GOAL OF THE EXERCISE
Repeat only the lines below that run from the line with "BPA-Free PP Plastic" to the line with "Heart shaped hands", ends included; skip every picture.

EXERCISE DATA
■ ■ ■ ■ ■

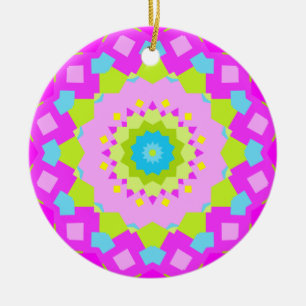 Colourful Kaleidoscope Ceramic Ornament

■ ■ ■ ■ ■

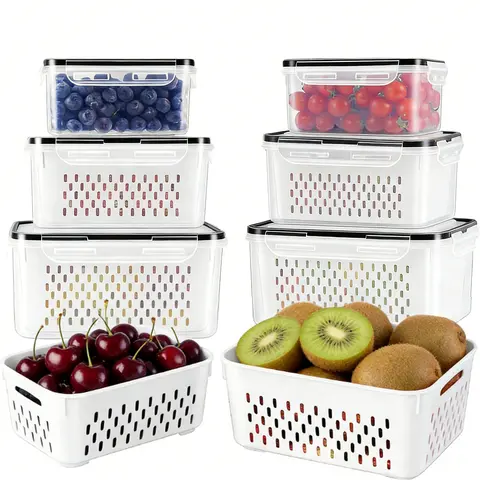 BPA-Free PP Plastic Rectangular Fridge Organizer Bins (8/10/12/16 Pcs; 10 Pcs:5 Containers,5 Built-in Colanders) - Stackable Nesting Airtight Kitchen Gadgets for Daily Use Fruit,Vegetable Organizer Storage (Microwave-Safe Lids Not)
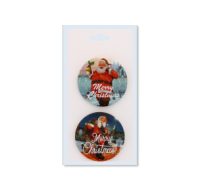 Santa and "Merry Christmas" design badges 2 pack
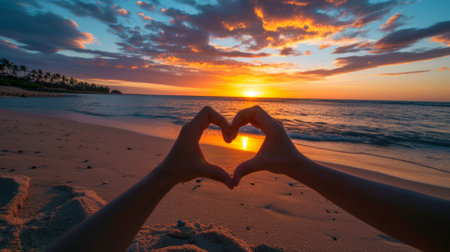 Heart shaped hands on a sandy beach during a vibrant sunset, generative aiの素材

■ ■ ■ ■ ■

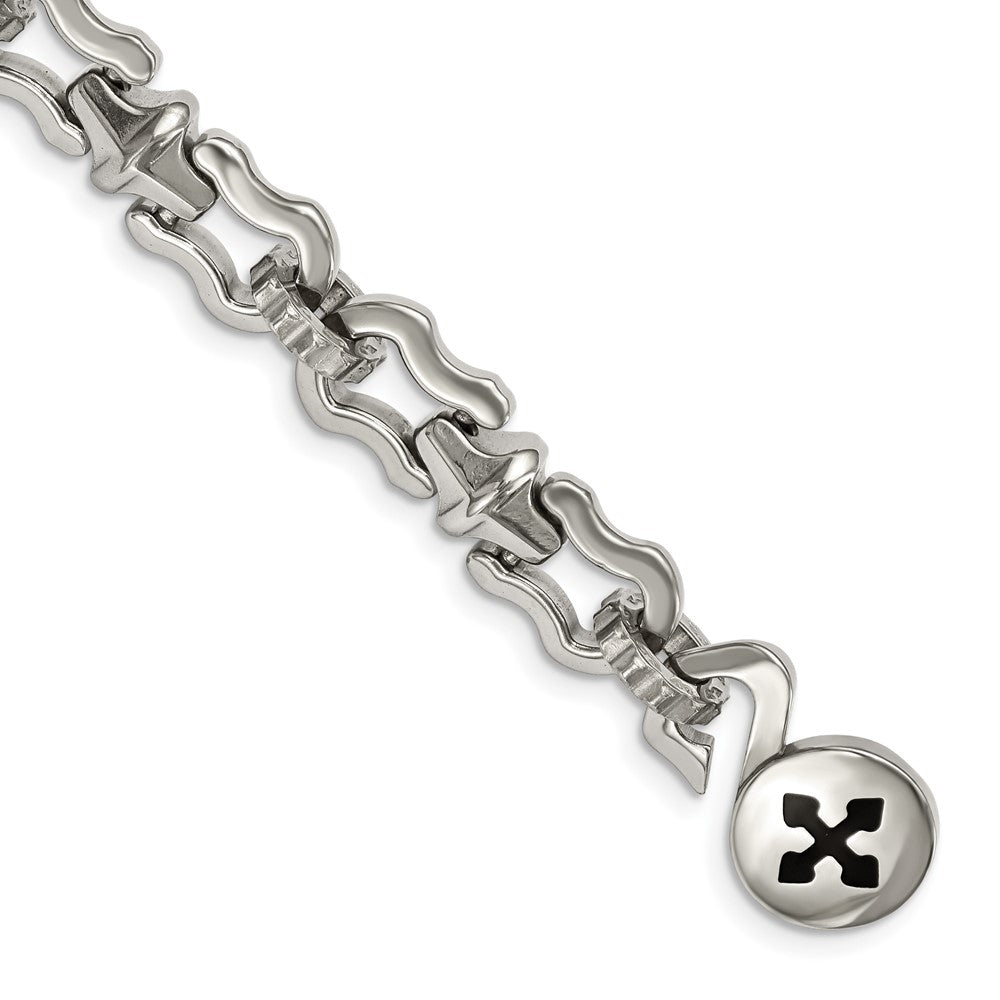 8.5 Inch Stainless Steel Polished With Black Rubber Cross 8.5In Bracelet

■ ■ ■ ■ ■

FINISHED TASK
 BPA-Free PP Plastic Rectangular Fridge Organizer Bins (8/10/12/16 Pcs; 10 Pcs:5 Containers,5 Built-in Colanders) - Stackable Nesting Airtight Kitchen Gadgets for Daily Use Fruit,Vegetable Organizer Storage (Microwave-Safe Lids Not)
 Santa and "Merry Christmas" design badges 2 pack
 Heart shaped hands on a sandy beach during a vibrant sunset, generative aiの素材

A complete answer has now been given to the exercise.